Exercise materials.

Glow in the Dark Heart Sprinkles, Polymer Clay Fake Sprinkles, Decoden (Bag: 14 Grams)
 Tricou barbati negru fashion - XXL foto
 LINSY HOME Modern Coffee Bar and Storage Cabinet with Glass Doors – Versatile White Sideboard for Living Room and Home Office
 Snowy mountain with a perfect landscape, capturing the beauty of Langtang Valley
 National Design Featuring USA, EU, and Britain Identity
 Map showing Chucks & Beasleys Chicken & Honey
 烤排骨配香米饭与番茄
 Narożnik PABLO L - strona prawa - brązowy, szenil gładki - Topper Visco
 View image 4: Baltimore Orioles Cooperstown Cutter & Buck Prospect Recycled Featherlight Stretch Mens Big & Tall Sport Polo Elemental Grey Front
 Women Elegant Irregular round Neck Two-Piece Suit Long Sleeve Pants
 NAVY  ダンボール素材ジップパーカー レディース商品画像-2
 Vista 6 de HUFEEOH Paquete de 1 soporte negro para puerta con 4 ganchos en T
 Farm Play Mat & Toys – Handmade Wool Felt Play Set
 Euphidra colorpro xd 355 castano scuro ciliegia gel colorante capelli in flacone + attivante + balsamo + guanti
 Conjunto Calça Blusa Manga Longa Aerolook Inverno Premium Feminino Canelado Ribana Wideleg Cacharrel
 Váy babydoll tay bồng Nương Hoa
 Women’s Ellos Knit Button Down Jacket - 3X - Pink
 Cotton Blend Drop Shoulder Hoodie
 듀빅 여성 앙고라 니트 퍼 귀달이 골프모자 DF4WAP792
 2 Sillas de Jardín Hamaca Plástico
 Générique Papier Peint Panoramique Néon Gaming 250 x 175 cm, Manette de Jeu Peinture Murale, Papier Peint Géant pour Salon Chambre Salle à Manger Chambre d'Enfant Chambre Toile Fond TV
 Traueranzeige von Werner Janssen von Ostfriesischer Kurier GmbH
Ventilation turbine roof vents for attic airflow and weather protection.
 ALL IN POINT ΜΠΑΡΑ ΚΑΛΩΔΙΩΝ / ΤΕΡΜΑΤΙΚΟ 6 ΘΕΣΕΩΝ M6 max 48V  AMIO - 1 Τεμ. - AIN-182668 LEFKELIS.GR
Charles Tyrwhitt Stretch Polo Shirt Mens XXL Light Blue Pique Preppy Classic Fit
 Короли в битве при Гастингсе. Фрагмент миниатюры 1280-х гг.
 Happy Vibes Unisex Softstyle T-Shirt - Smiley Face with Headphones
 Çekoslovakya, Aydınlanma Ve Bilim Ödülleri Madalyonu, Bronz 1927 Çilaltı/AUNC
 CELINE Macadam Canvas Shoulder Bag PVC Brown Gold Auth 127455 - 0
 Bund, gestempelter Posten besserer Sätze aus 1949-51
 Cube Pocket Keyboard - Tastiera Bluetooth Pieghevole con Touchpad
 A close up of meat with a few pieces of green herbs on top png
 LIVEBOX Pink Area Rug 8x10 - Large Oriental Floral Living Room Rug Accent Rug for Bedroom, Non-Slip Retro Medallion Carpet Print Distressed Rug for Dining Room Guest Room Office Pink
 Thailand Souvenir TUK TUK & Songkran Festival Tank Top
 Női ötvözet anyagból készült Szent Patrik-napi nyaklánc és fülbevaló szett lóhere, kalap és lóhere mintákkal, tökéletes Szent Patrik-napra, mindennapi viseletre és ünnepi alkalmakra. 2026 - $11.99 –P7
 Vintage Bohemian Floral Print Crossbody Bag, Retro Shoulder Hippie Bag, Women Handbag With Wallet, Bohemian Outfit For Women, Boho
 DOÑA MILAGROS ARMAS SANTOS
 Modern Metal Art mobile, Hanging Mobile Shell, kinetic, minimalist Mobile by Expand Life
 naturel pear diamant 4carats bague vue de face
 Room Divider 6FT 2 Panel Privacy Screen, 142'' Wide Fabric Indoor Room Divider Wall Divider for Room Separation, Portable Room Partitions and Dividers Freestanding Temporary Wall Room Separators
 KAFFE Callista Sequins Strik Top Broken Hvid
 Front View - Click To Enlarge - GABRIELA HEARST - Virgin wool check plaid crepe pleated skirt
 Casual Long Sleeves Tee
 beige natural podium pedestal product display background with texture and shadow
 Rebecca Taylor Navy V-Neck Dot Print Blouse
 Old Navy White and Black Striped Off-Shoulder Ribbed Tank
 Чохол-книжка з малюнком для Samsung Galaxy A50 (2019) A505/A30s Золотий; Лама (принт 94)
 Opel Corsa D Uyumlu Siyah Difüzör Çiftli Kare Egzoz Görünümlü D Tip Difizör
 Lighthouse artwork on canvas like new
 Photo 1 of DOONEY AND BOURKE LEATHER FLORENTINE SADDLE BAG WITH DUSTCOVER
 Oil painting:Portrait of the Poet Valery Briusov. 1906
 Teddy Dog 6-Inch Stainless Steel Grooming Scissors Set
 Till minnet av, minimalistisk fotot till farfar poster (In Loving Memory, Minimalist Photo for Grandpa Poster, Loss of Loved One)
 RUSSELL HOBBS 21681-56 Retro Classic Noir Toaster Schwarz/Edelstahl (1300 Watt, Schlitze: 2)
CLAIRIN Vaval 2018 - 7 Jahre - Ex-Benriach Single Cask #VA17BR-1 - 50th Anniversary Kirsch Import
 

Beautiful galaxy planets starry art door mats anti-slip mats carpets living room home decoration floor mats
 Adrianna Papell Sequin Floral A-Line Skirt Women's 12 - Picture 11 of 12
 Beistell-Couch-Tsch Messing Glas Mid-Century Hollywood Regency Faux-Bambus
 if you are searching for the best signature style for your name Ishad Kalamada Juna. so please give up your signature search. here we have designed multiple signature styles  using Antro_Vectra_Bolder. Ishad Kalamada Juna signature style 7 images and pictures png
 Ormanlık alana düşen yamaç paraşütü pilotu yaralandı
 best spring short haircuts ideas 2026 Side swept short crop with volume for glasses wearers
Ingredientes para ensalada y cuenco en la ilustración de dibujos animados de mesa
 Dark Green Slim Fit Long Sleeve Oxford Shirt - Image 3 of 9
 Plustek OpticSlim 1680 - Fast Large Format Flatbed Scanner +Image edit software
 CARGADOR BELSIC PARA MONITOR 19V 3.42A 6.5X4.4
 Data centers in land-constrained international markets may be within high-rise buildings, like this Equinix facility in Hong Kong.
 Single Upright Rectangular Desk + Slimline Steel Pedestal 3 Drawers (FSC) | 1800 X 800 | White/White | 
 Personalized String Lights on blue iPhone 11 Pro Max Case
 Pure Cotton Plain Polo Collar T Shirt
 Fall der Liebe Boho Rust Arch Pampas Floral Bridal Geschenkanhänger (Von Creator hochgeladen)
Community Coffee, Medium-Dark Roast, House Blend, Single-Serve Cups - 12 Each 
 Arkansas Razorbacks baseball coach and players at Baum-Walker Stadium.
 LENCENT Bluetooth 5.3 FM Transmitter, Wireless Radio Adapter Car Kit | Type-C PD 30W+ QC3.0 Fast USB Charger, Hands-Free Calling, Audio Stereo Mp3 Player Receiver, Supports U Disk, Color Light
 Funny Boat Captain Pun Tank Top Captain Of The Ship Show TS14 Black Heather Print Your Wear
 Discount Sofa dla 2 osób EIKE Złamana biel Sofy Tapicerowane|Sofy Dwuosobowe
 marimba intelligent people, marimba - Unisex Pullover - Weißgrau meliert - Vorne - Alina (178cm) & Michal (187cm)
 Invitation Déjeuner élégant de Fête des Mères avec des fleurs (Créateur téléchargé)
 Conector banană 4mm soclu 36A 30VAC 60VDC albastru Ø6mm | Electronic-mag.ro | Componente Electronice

Exercise requirements.
Please return the lines above exactly, from the first one down to the line with "LINSY HOME Modern", and stop after that line.

Answer below.
Glow in the Dark Heart Sprinkles, Polymer Clay Fake Sprinkles, Decoden (Bag: 14 Grams)
 Tricou barbati negru fashion - XXL foto
 LINSY HOME Modern Coffee Bar and Storage Cabinet with Glass Doors – Versatile White Sideboard for Living Room and Home Office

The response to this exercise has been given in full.